EXCHANGE AGREEMENT
This Exchange Agreement (this "Agreement") is made and entered into as
of May 13, 1998, by and between Frontier Natural Gas Corporation, an Oklahoma
corporation ("Frontier"), and R. Xxxxxxx Xxxxxx, Xxxxx X. Xxxxxx and Xxxxxx
X. Xxxxxx, residents of the State of Texas (collectively, the "Aspect
Employees").
1. INTRODUCTION. The parties acknowledge that Frontier has entered into
that Acquisition Agreement and Plan of Exchange, dated as of January 19, 1998
(the "Acquisition Agreement"), with Aspect Resources LLC, a Colorado limited
liability company ("Aspect"), and Esenjay Petroleum Corporation, a Texas
corporation ("Esenjay"). Under the Acquisition Agreement, Aspect is
contributing certain oil and gas interests and properties to Frontier. The
Aspect Employees have been granted certain overriding royalty interests and
working interests ("ORRI/WIs") in certain of the Aspect Assets (as such term
is defined in the Acquisition Agreement) and desire hereby to contribute such
ORRI/WIs to Frontier in exchange for common stock of Frontier. By their
execution hereof, the Aspect Employees acknowledge that they have been
provided with a copy of the executed Acquisition Agreement and that they had
an opportunity to review such agreement.
2. CONTRIBUTION. As of the date hereof, the Aspect Employees agree
that, in connection with a closing under the Acquisition Agreement and only
in connection with such a closing, they shall transfer, assign and convey
their ORRI/WIs in the Aspect Assets to Frontier in exchange for shares of the
common stock, par value $.01 per share, of Frontier (the "Frontier Common
Stock"), as set forth on Exhibit "A" attached hereto, which shares take into
account a 1 for 6 reverse stock split of the Frontier Common stock prior to a
closing under the Acquisition Agreement. Such transfer, assignment and
conveyance shall be treated as a contribution of the ORRI/WIs to the capital
of Frontier and, along with the contributions contemplated by the Acquisition
Agreement, is intended to qualify as a transfer under Section 351 of the
Internal Revenue Code of 1986, as amended. In connection with such transfers,
the Aspect Employees covenant and agree that they will execute and deliver
all other appropriate agreements, documents or instruments, and take any
other action necessary, to make this Agreement fully and legally effective,
binding and enforceable as between them and Frontier and as against third
parties.
3. REPRESENTATIONS AND WARRANTIES.
(a) FRONTIER. Frontier represents and warrants to the Aspect
Employees that: (i) the Frontier Common Stock, upon issuance to the Aspect
Employees, will be duly and validly issued and fully paid and non-assessable,
free and clear of any preemptive rights; (ii) Frontier has full and corporate
power and authority to enter into this Agreement and to perform it obligations
hereunder and to consummate the transactions contemplated hereby; (iii) this
Agreement constitutes a legal, valid and binding obligation of Frontier,
enforceable against Frontier in accordance with its terms, except as such
enforceability may be limited by applicable bankruptcy, insolvency,
moratorium, reorganization or similar laws in effect that affect the
enforcement of creditors' rights generally and
by equitable limitations on the availability of specific remedies; and (iv)

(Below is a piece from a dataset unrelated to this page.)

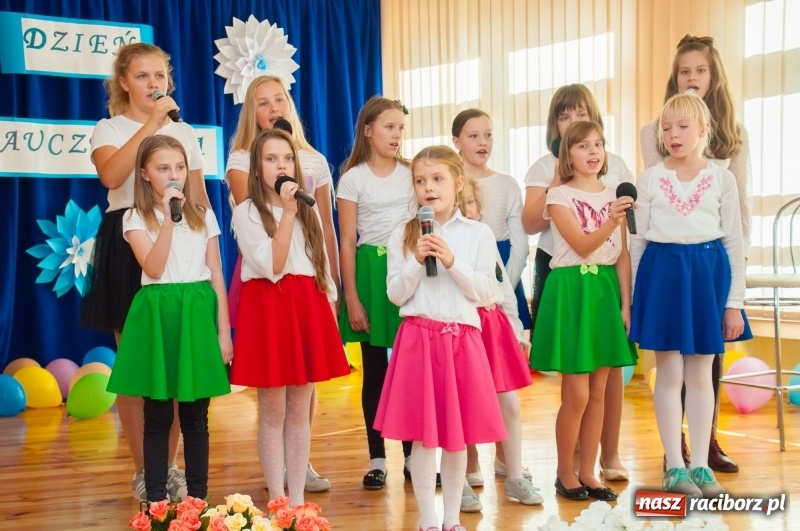 Zdjęcie w galerii na portalu naszraciborz.pl: Jaki powinien być nauczyciel? Uczniowie wiedzą najlepiej! DEN w SP18 wiadomości z regionu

prior to the stock issuances contemplated by this Agreement and the
Acquisition Agreement, the authorized capital stock of Frontier consists of
40,000,000 shares of common stock, par value $.01 per share, of which
9,890,906 shares are issued and outstanding, and 5,000,000 share of preferred
stock, par value $.01 per share, of which 85,061 share are issued and
outstanding.
(b) ASPECT EMPLOYEES. Each of the Aspect Employees represents and
warrants to Frontier with respect to himself, as follows:
(i) Each of the Aspect Employees has full power and authority to
enter into this Agreement and to perform his obligations hereunder and to
consummate the transactions contemplated hereby. This Agreement
constitutes a legal, valid and binding obligation of each of the Aspect
Employees, enforceable against the Aspect Employees in accordance with its
terms, except as such enforceability may be limited by applicable
bankruptcy, insolvency, moratorium, reorganization or similar laws in
effect that affect the enforcement of creditors' rights generally and by
equitable limitations on the availability of specific remedies.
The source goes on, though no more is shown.